Books made into movies. Movies made into games. Games based off movies based off books. It's no wonder then that, for the most part, these abominations are almost universally despised. Therefore, there wasn't a gamer alive who, upon hearing about EA's Dante's Inferno, wasn't immediately skeptical about it being based off of a literary classic with a similar name. Nor was there a single gamer surprised that the 'creative liberties' taken often bastardized the source material.
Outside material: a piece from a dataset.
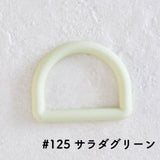 オリジナル Dカン 25mm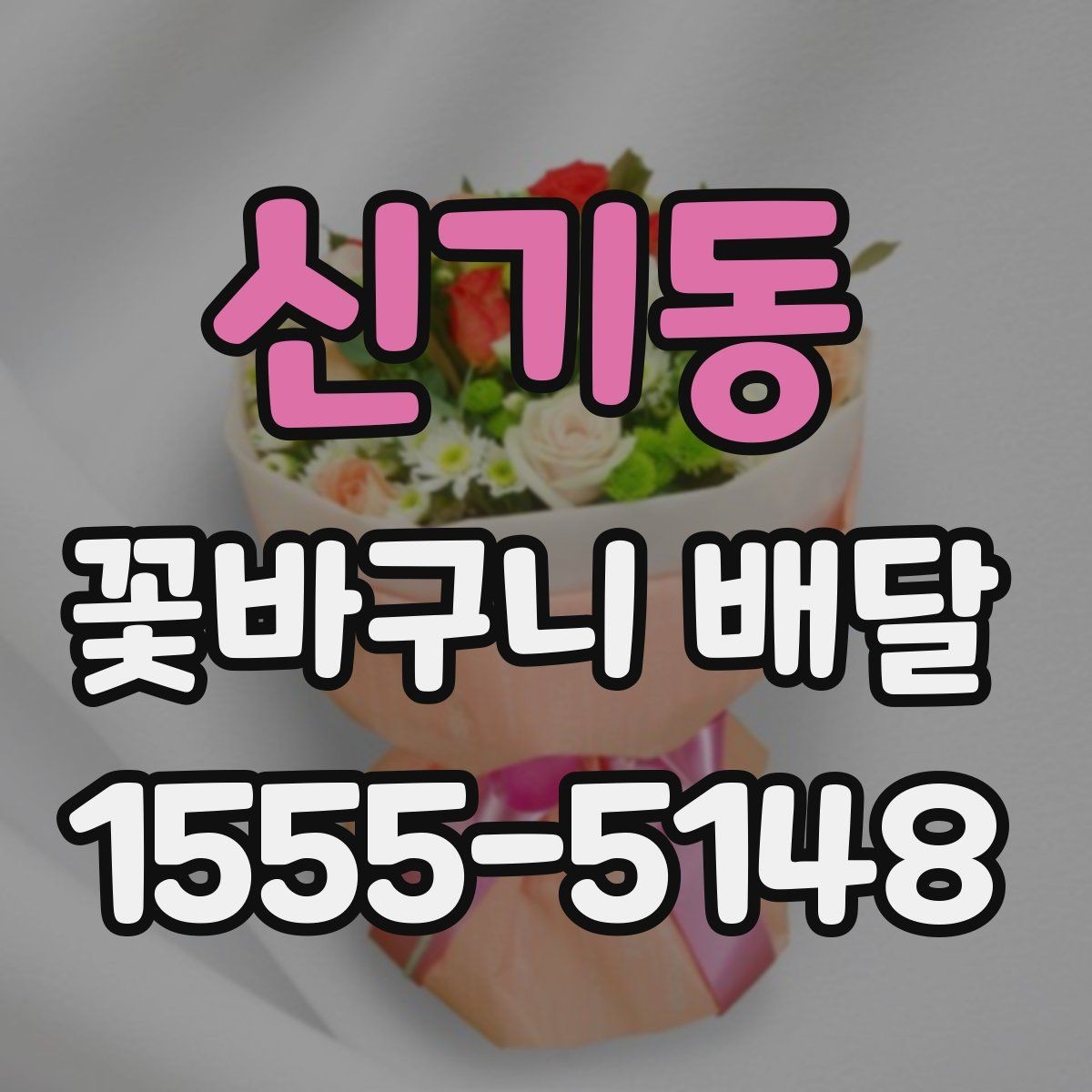 신기동 꽃바구니 배달 주문이 늦어졌을 때 대처법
When I finally got my long-overdue chance at being sent to hell, I found myself asking not only if sticking closer to the source material (Dante Alighieri's poetic epic of similar name) would have made a better videogame, but also if it was worthy of being made into one in the first place. However, that would have required me to actually take the time to read the book, which I'm clearly too busy being handsome to do. Luckily, I found this local fan (and friend?) of mine who had already done so, and was willing to put up with me long enough to get to the bottom of this, in her peculiar all-lowercase trademark fashion.

Without further ado...the Divine Miss Bee!


Divine Miss Bee


...i type this way because i speak softly. jerk.


written in the fourteenth century, the inferno is an epic poem by dante alighieri. for those of you not up on your italian, "inferno" means "hell," and that's exactly where dante is taking us. the inferno serves primarily as an extended metaphor for the recognition of sin in oneself and in others, so throughout the nine circles of hell, dante comes face-to-face with stark, unsubtle portrayals of the kinds of sins that sent men in the 1300's running home to mother and that men of the 2000's see on MTV.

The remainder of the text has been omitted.